• **Goal of the exercise**
Give back exactly the stretch of data below from the line holding "Elevate your photo" through the line holding "Hello, everyone. Thank", both ends included, and leave the remaining lines out.

• **Records**
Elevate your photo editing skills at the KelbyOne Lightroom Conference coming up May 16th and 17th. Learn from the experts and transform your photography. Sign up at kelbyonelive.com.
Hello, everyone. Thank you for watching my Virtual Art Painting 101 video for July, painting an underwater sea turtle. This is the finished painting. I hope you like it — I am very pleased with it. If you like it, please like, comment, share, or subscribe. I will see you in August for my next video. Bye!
---
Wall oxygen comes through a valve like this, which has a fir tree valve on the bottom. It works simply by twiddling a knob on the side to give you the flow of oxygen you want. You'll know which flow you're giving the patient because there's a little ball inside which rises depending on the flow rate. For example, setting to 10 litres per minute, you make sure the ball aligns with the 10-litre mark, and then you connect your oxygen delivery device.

• **Exercise output**
Elevate your photo editing skills at the KelbyOne Lightroom Conference coming up May 16th and 17th. Learn from the experts and transform your photography. Sign up at kelbyonelive.com.
Hello, everyone. Thank you for watching my Virtual Art Painting 101 video for July, painting an underwater sea turtle. This is the finished painting. I hope you like it — I am very pleased with it. If you like it, please like, comment, share, or subscribe. I will see you in August for my next video. Bye!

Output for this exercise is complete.